Design validation means performing specific tests on the device to demonstrate it works for end user according to its specific intended use. If for example we imagine to have a product which is only constitute by software (the so-called, SAMD, Software as Medical Device), design validation means demonstration that we call Global System Requirements (that include user needs) are fulfilled.
If, instead we take in consideration a general hardware device, Design Validation shall include, a part fulfilment of the identified user needs, testing activities related to the safety of the device according to its intended use, for example:
- Biocompatibility Evaluation
- Electrical Safety and Electromagnetic Compatibility
- Packaging Validation / Sterilization Validation
It is essential to have a traceability between user needs/ system requirements and validation tests used to demonstrate fulfilment of that specific requirements. For example:
|User Needs||Validation Test|
|The device shall be safe to be used |
on patients from biocompatibility
point of view
|Validation activities related|
to compliance with ISO 10993
family of standard.
Design verification as per FDA requirements
Within the design process, design verification, as mentioned before in the section related to the definition, means demonstrating that the design outputs match the design inputs. From practical point of view, it means to identify specific requirements that could be related to functionality, performance, usability and safety of the device.
For each of this specific requirements a test plan and report shall be documented to ensure that each of the identified requirements is met.
Design verification is not focused at a system level, as per design validation; but rather it can include testing activities on all the layers of the design process. For instance, considering the scheme mentioned in the section before, for a SAMD, design verification includes code review, unitary tests and system verification tests.
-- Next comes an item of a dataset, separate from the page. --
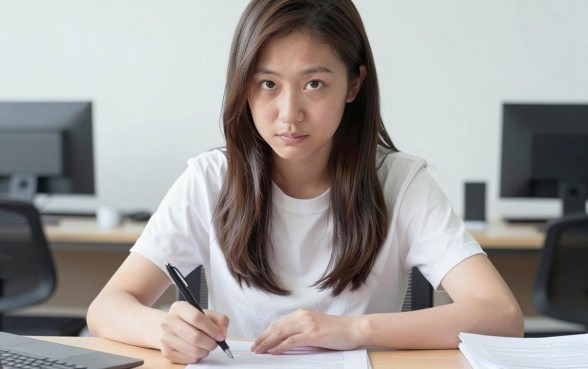 白户的网贷口子盘点，陈列5个手机小额黑户快速贷款平台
Verification vs Validation
If we want to compare the characteristics of verification vs validation activities, let’s have a look to the table below:
|Scope: Design Outputs |
meet Design Inputs
|Design meets user needs and |
intended us of the device
|System, subsystem and |
|Test focused at a system level|
|During development.||After Development|
|Can be performed on |
|Shall be performed on the |
same devices as the ones
that will go on the market, or
|It is performed against |
selected by owner of the
|It is performed agains |
the selected user needs and
by international standards.
Specific FDA Requirements for Design Verification and Design Validation Activities
There are specific requirements that are needed to be fulfilled for verification and validation activities. Specifically, both for validation and verification, test plan shall include methods, acceptance criteria, and, very important, statistical techniques with rationale for sample size. For the latter point, it is extremely important that the sample size used for verification and validation tests is justified from statistical point of view to ensure that the number of samples tested is signification from statistical stand point.
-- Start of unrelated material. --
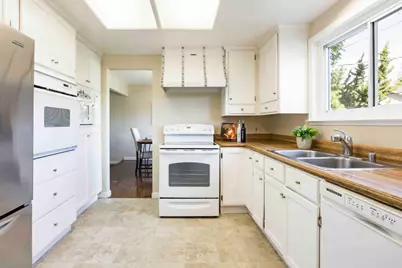 271 Copco Ln, San Jose, CA 95123 - Photo 9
Furthermore, for design validation there is another important requirement related to sample type. In fact, as mentioned before, the ISO 13485:2016 reports:
Design validation shall be conducted on representative product. Representative product includes initial production units, batches or their equivalents. The rationale for the choice of product used for validation shall be recorded.
FDA requirements for design validation are very similar to the one reported above.
It is very clear that the validation activities shall be performed on final devices and that a justification for sample type used for validation activities shall be documented. It is important to mention that this applies to all the validation activities, including clinical validation.